Cette situation n’est pas nouvelle ; depuis les années 1970 , le Likoud et le Parti travailliste , alors les deux grands partis israéliens ne parviennent pas à être majoritaires au parlement israélien, et sont donc obligés de s’adjoindre les voix des petits partis pour gouverner.
L’identité politique en Israël est étroitement liée à trois aspects : la religion - les partis outre leur situation dans l’espace politique gauche/droite se définissent par l’opposition laïc/religieux, l’adhésion ou non à l’idéal du Grand Israël et la reprise des négociations avec les Palestiniens.Sur le terrain, la distinction entre ces trois critères n’est pas si claire ; les frontières sont perméables et mobiles ; les événements de ces dernières années – décolonisation de Gaza, guerre du Liban, attentats, représailles, mort d’Arafat, coma de Sharon – sont des éléments de désordre qui contribuent non pas à redessiner l’identitépolitique israélienne mais à provoquer de mini-séismes politiques au sein de l’espace public israélien.

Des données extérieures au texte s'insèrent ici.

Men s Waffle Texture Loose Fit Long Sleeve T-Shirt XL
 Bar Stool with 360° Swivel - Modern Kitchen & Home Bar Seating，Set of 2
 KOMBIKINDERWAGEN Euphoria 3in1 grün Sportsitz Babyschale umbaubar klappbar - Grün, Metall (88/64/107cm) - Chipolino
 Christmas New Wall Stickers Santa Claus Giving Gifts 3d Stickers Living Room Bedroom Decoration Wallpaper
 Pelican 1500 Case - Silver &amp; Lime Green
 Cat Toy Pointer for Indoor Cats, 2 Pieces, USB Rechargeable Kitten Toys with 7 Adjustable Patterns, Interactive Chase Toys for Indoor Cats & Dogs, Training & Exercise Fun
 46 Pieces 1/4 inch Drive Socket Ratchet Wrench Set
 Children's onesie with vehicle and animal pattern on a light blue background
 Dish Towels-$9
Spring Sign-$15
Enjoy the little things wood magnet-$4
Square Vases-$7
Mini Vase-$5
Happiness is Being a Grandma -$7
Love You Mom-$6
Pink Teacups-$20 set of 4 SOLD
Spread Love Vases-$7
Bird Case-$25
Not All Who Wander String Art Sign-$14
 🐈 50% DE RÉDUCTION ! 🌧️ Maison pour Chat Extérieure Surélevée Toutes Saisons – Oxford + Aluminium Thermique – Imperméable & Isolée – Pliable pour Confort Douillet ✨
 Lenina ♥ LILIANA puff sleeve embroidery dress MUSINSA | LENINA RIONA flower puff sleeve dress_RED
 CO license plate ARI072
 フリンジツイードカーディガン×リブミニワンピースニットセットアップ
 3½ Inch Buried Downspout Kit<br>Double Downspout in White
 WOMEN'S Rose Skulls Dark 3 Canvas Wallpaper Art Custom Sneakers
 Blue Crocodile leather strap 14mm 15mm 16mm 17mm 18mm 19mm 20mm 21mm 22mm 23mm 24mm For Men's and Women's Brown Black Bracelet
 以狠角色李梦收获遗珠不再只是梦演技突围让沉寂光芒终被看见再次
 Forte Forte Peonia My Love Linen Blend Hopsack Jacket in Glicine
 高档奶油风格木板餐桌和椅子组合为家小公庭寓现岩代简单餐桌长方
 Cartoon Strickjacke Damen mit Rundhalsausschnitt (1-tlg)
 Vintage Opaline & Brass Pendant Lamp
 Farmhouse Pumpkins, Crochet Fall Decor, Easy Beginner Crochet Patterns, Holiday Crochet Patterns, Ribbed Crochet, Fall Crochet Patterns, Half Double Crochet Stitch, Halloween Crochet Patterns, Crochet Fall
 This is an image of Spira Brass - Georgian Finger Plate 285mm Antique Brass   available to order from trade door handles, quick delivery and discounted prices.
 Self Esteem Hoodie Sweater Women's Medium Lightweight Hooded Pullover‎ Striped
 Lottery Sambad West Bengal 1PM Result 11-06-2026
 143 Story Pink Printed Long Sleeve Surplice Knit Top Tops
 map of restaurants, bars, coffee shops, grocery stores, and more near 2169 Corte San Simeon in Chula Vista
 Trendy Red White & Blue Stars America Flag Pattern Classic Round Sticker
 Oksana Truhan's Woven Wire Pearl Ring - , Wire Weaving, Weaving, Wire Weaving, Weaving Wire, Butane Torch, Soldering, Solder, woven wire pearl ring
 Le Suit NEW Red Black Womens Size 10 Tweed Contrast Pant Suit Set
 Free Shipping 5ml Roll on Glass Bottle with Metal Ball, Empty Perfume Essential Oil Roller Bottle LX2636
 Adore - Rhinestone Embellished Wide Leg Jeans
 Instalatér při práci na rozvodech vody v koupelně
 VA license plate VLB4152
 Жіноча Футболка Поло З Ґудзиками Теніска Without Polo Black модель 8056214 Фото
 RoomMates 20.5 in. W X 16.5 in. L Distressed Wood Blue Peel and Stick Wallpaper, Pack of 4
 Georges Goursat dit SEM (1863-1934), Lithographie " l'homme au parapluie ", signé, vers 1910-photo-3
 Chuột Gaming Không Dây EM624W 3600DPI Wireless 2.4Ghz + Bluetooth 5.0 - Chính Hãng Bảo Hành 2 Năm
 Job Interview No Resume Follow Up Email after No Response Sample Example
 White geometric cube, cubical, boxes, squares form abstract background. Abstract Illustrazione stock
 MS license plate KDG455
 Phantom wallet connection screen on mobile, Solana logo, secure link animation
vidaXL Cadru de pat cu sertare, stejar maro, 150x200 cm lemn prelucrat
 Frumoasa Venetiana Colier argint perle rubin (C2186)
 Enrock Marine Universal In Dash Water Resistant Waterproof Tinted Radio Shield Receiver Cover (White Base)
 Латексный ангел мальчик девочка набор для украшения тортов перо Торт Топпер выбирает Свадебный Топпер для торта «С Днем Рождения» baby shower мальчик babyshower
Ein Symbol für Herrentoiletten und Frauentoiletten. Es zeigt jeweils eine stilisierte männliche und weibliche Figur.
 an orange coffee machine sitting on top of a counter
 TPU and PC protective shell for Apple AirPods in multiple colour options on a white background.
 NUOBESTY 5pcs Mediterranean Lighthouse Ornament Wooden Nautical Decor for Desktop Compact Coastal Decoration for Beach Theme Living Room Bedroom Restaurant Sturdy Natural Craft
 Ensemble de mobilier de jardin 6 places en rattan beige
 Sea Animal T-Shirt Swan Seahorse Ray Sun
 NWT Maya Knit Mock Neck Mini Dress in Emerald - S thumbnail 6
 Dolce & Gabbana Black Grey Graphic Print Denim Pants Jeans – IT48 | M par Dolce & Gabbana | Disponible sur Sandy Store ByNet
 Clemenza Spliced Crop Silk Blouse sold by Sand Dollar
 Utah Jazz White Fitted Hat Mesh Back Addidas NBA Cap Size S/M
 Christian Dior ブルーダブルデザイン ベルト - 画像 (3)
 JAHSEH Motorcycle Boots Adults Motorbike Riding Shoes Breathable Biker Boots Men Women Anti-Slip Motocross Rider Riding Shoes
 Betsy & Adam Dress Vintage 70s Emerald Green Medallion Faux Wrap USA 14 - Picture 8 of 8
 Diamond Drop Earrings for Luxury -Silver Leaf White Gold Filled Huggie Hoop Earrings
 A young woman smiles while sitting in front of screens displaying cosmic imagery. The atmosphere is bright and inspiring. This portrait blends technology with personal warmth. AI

Ces différentes constations nous conduisent à penser l’identité politique et religieuse comme étroitement liée à la question du territoire et donc à ce que nous avons appelé l’identité géographique.
Israel Beteinou est un parti de droite, russophone. Il siège à l’assemblée avec onze élus depuis 2006 aux côtés des douze élus du Likud.
Le Shass est un parti religieux, orthodoxe séfarade, ayant obtenu douze élus aux élections législatives en 2006.
Le Meretz possède cinq élus au Parlement Israélien et le parti travailliste, dix-neuf élus.
Kadima a obtenu vingt-neuf élus en 2006.